-- Data supplied follows --

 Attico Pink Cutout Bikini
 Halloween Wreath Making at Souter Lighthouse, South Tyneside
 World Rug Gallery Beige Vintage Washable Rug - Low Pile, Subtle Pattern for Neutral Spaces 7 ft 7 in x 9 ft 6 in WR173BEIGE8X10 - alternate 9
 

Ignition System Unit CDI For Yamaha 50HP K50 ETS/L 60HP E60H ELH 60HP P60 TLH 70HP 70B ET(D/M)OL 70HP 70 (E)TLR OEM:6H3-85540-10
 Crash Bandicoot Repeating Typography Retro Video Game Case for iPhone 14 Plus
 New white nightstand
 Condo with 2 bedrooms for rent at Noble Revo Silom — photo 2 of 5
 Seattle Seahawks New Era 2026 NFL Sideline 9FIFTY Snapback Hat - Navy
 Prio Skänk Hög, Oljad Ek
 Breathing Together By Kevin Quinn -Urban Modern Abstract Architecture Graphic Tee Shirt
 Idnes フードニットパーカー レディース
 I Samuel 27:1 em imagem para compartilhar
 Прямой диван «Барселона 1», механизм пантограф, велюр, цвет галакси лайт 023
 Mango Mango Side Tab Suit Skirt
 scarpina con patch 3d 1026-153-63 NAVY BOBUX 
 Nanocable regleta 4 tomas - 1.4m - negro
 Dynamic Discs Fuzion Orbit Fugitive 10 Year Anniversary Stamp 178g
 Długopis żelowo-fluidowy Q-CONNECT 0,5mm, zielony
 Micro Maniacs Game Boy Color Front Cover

-- Data supplied concluded --

Task brief: Repeat, without changes, every line from the one that contains "Idnes フードニットパーカー レディース" through the final line of the data.

Output below:
 Idnes フードニットパーカー レディース
 I Samuel 27:1 em imagem para compartilhar
 Прямой диван «Барселона 1», механизм пантограф, велюр, цвет галакси лайт 023
 Mango Mango Side Tab Suit Skirt
 scarpina con patch 3d 1026-153-63 NAVY BOBUX 
 Nanocable regleta 4 tomas - 1.4m - negro
 Dynamic Discs Fuzion Orbit Fugitive 10 Year Anniversary Stamp 178g
 Długopis żelowo-fluidowy Q-CONNECT 0,5mm, zielony
 Micro Maniacs Game Boy Color Front Cover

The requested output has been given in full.